Scaling Advice, Vicious Cycle, Improve Observability, Addressing Corruption

In this episode of Scaling Postgres, we discuss scaling advice, a vicious cycle of WAL writes, how to improve observability and addressing database corruption.

Content Discussed

YouTube Video

Podcast Audio

Transcript

All right. I hope you, your friends, family, and coworkers can continue to do well. Our first piece of content is "POSTGRES SCALING ADVICE FOR 2021. This is from cybertec-postgresql.com and in a nutshell, most of the advice is don't prematurely optimize. So if you want to scale, don't think of creating some huge distributed database system. Just start with a single server because Postgres can get you a long way on just that single server. It covers things such as all distributed systems are inherently complex and difficult to get right. So the more you try to scale out or become distributed, the more complicated things get. He mentions that with a good server, a single PostgreSQL instance can easily do hundreds of thousands of transactions per second. So he did some read-only tests of his local system and got 32,000 transactions per second.

Then he looked at where he was doing another workstation with around 45,000 write transactions per second. So he says basically a single node can typically do tens of thousands of write transactions per second and that a single Postgres instance can easily handle dozens of terabytes of data, which is true. Then also a single node instance is literally bulletproof as far as data consistency is concerned. But he says to help achieve this, you need to declare your constraints so that your data is in a good state and don't fool around with the fsync or asynchronous commit option. So you make sure that things get committed to the disks appropriately and use good disk systems because we're actually going to cover a post in a little bit that talks about corruption. One of the main ways corruption can happen is through hardware issues.

But he also covers how you have to be prepared for when you need to scale. So if you need to scale out, what do you need to do? So the first thing he mentions is don't be afraid to run your own database and that you can migrate to the cloud later if that's something you feel you need to do. Don't make the mistake of having your entire data architecture centered around one huge table. Be sure to use plenty of tables to spread things out.
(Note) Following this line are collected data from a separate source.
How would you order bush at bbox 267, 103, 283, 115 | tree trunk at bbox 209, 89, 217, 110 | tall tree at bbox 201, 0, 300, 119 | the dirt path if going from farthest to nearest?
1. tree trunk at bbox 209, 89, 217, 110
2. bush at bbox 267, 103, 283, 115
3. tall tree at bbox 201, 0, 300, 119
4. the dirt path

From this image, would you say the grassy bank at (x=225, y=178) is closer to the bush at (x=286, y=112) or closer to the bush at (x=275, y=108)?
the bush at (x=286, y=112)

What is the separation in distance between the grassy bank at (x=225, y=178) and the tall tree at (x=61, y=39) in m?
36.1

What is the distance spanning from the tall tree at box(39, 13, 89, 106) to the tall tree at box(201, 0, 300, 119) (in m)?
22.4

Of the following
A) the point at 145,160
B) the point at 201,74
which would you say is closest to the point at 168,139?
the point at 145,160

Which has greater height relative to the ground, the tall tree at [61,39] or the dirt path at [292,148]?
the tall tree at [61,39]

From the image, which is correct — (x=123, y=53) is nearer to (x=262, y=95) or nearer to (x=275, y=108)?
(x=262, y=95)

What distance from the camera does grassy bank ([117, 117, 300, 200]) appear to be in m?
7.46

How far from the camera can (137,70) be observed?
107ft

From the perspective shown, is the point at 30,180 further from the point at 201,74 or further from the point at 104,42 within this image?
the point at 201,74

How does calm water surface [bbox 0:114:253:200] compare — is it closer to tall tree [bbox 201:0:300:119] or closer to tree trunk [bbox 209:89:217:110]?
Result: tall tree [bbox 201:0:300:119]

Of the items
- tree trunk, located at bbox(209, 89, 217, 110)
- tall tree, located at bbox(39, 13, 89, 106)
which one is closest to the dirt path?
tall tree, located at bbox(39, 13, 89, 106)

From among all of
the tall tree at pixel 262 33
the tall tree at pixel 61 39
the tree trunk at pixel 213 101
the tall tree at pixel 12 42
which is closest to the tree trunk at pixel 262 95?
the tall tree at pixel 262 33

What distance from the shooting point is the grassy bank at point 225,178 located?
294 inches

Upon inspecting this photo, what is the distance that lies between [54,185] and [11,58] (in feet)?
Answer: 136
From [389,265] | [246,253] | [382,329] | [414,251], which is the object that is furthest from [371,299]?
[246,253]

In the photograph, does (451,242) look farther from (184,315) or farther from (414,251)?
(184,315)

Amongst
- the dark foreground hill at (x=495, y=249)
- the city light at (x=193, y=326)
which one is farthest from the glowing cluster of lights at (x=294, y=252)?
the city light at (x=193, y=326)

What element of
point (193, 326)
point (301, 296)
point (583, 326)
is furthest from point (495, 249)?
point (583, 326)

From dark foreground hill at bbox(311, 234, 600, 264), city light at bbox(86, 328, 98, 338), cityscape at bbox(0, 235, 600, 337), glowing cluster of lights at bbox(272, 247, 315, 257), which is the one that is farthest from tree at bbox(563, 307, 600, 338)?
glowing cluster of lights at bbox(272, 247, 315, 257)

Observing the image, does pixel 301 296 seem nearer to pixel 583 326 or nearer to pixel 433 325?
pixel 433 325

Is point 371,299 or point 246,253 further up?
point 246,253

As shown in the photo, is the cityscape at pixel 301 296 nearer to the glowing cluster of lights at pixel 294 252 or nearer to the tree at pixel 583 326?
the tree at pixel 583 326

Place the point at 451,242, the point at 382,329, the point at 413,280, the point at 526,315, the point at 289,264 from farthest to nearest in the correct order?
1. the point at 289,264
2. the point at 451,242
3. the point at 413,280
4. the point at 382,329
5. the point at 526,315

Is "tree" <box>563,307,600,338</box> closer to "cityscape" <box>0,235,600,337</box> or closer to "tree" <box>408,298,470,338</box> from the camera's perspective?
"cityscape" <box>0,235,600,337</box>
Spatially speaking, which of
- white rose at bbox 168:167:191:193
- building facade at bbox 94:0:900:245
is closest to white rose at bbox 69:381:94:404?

Thirdly, make sure you bake in a proper sharding key in case that is a direction you have to go. So in other words, make sure you can partition all of your tables pretty much with a shard key. So if all of your tables include that key, then presumably you could shard your data that way. So this post didn't have a lot of specific advice for scaling because those are covered in other posts, but it's more kind of a thought post for not prematurely optimizing your database. So if you're interested in learning more you can check out this post.
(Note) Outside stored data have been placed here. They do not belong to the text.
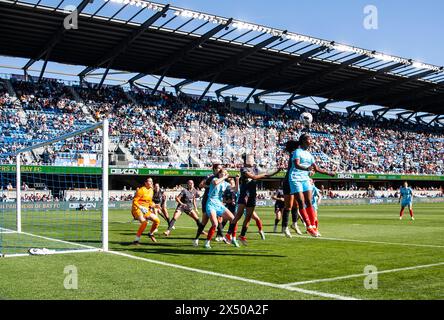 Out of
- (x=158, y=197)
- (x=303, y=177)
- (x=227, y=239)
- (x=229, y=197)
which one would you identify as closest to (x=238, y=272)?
(x=303, y=177)

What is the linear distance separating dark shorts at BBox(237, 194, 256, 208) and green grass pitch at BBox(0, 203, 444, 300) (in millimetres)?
1115

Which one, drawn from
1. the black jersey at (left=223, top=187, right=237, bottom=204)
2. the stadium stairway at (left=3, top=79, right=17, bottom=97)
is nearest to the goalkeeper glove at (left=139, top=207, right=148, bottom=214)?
the black jersey at (left=223, top=187, right=237, bottom=204)

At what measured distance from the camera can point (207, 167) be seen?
161 ft

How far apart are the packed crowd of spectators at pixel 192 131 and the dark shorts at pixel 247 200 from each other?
2782 cm

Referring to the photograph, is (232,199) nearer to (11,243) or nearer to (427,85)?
(11,243)

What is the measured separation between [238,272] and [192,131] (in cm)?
4339

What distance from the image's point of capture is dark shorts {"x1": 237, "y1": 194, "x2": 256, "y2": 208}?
12.9 m

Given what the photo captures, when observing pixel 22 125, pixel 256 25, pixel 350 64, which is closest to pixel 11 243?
pixel 22 125

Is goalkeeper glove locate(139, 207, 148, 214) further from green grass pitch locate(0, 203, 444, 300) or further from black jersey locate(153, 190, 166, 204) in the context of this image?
black jersey locate(153, 190, 166, 204)

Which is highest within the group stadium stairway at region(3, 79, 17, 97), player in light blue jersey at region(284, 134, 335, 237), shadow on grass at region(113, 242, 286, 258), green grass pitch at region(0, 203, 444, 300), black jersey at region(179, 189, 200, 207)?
stadium stairway at region(3, 79, 17, 97)

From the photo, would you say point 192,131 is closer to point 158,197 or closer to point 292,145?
point 158,197

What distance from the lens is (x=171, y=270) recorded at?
9.05 metres

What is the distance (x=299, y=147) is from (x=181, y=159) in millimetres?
38007

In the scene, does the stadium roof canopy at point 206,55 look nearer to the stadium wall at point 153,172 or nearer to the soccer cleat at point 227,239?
the stadium wall at point 153,172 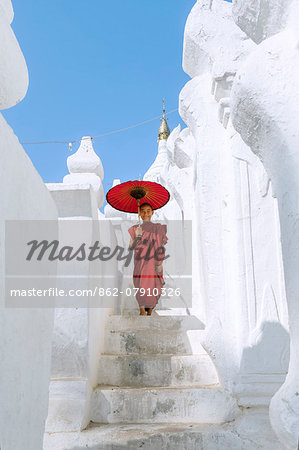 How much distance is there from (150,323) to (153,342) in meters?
0.36

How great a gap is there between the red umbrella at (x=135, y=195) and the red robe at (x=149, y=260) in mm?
263

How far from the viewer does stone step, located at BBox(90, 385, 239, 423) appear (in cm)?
245

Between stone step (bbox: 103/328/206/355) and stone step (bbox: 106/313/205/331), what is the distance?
0.68 ft

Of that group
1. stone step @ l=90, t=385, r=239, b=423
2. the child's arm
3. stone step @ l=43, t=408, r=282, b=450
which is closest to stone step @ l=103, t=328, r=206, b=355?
stone step @ l=90, t=385, r=239, b=423

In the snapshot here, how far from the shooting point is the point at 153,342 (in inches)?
125

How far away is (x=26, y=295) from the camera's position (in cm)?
139

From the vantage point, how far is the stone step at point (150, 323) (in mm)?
3453

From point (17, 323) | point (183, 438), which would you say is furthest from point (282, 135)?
point (183, 438)

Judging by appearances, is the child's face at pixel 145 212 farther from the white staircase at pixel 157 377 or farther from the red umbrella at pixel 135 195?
the white staircase at pixel 157 377

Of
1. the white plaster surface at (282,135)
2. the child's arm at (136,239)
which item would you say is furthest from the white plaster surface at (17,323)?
the child's arm at (136,239)

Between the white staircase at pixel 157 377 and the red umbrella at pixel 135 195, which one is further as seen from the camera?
the red umbrella at pixel 135 195

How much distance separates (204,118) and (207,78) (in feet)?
1.26

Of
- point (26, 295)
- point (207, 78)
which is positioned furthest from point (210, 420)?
point (207, 78)

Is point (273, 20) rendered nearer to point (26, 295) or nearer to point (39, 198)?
point (39, 198) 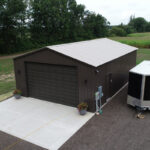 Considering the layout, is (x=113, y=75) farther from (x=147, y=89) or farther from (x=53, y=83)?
(x=53, y=83)

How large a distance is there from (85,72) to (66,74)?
116cm

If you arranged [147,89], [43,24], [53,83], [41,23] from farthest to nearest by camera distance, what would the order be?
[43,24] < [41,23] < [53,83] < [147,89]

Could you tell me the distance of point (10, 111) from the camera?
8.50m

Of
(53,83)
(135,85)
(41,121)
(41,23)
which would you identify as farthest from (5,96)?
(41,23)

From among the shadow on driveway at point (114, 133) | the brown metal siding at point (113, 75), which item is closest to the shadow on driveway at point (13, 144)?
the shadow on driveway at point (114, 133)

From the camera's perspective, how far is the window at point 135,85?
7.86 m

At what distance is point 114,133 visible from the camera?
650cm

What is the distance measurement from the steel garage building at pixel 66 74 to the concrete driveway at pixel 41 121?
26.1 inches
The next piece of content is "The vicious circle of huge writes". This is from mydbanotebook.org. They're talking about a cycle of WAL writing that you can get into and that if you have a lot of write activity, a lot of WAL files are being written that can cause checkpoints to occur more frequently, which of course triggers more full-page image writes which gives you more WAL. So more WAL leads to more frequent checkpoints, which leads to more WAL being generated, which leads to more checkpoints. So it's a vicious circle and then you have autovacuum kicking in when you're updating a lot of rows for example, which then also causes more WAL to be written, thus propagating this vicious circle. So there's a graph right here that depicts that you have huge writes on a database in a short time that causes a lot of WAL to be written. Now this triggers checkpoints more frequently, which of course causes more WAL to be written because of the full-page image rights.

Then still while this is going on, it also triggers autovacuum to happen more frequently when you have a lot of huge rights which causes more WAL to be written and it's a constant vicious circle. Now, in terms of how to solve that, the number one thing she's advocating is what is your application doing? So for example, if you have a lot of updates, is there a way you can reduce the amount of updates? Like maybe you insert a lot of this data and then update it less frequently? Or can you architect your writes a little differently? The other thing you can do is increase your max_wal_size so that the checkpoints don't happen as frequently, or change your checkpoint timeout or your checkpoint settings so that your checkpoint is less frequent which gives you fewer full-page image rights. You could also potentially do some tweaks to autovacuum. So if you're interested in learning more about this, you can check out this post.

The next piece of content is "Configuring PostgreSQL for Observability". This is from pgdash.io. This is being able to determine what's going on in your database. Now the first thing they mentioned doing is actually changing your log_line_prefix to add a bit more information to add information such as the application being used in terms of the client, the username, and the database connected to the IP address, so you could potentially identify the host and things of that nature. So this gives you more observability of what's going on. When a particular error, say, gets written to the logs, the next thing they mentioned is to log your slow queries. So you could use log_min_duration_statement.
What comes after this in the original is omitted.